National Cohesion and Integration Commission (NCIC) Member, Philip Okundi, has told boda-boda riders and youths to avoid being used by politicians to perpetrate hate speech in social media.
He said some youths in Homa Bay County were being used by politicians to perpetrate hate speech against their opponents ahead of the 2022 general election.
Okundi said such youths write messages in social media platforms insulting opponents of politicians who engage them.
Okundi who was accompanied by Asego Division Assistant County Commissioner Henry Kereya told the youths to avoid being used by politicians to inflame violence.
He spoke on Monday in Homa Bay town during sensitization programme for peaceful coexistence, where he also told youths to understand that hate speech can land someone in jail.
“Let youths understand that when you are arrested because of hate speech, you will be jailed alone. It is you and your family that will suffer,” Okundi informed the youths and urged them to resist incitement.
The Commissioner said that peaceful coexistence was politically, socially and economically healthy for Kenya’s posterity.
“Desisting from violence is the only way through which we can leave a good country for the future generations,” said Okundi.
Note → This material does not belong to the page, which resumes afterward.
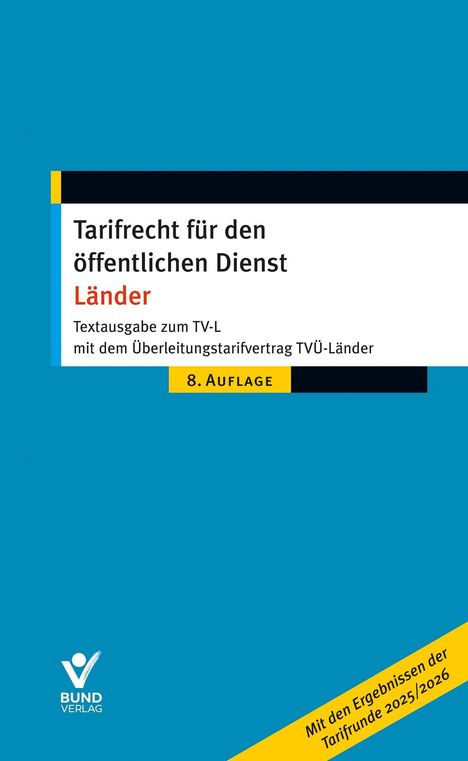 Titel: "Tarifrecht für den öffentlichen Dienst - Länder", 8. Auflage. Blaues Cover mit gelbem Banner.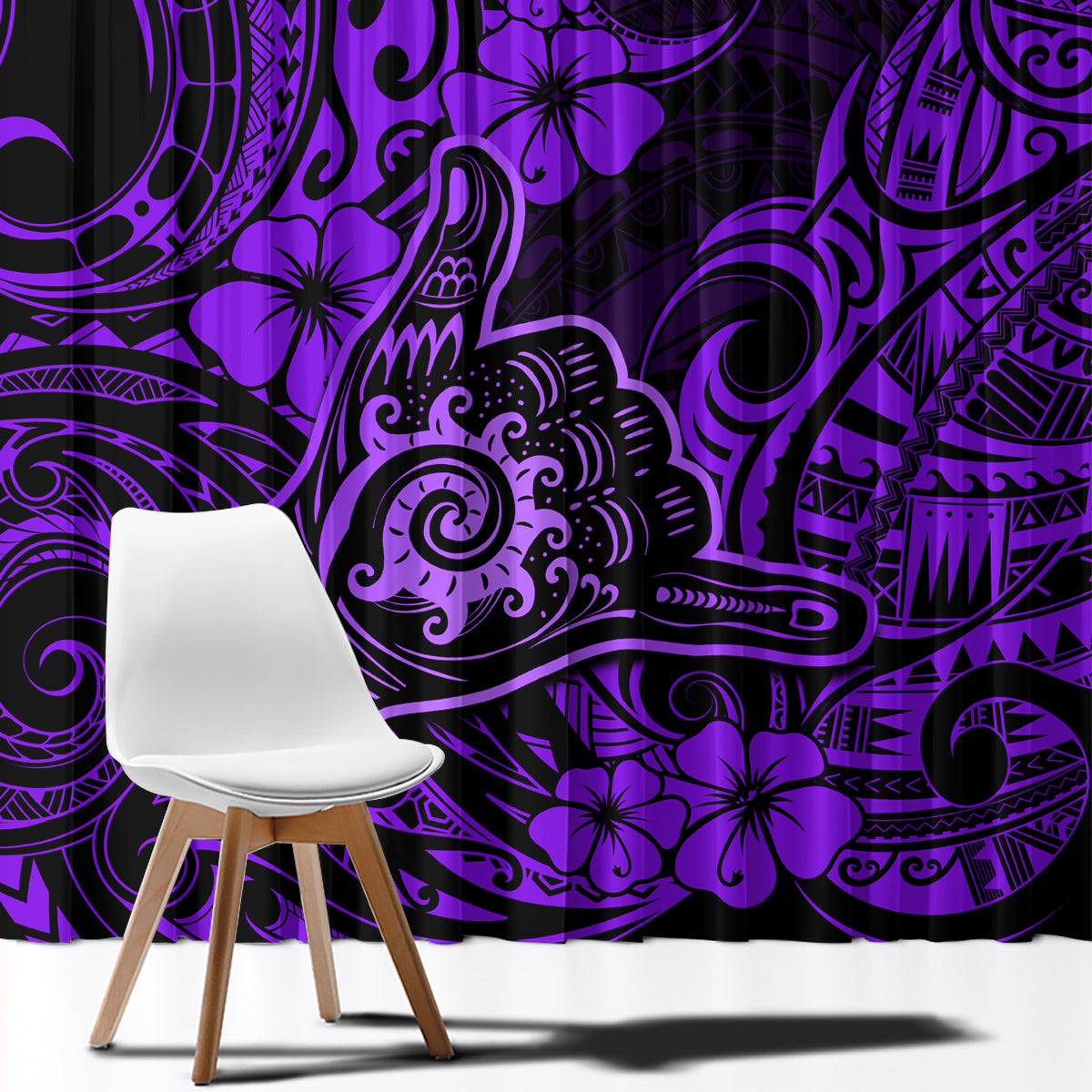Hawaii Shaka Sign Window Curtain Polynesian Pattern Purple Version - Wonder Print Shop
He said that the government spends a lot of money to quell tension whenever violence erupts in any part of the country.
“Our country can save a lot of money if youths and boda-boda riders decide not to engage in violence,” he added.
On his part, Kereya said peace is the genesis of economic development of a country. “Anybody who means well for this country must desist from violence,” Kereya said.
The sensitization programme was held after the NCIC identified Homa Bay as one of the hotspots of political violence. The programme targets various groups of people including the elders, youths, bodaboda riders and women. Those who were sensitized will serve as ambassadors of peace in community.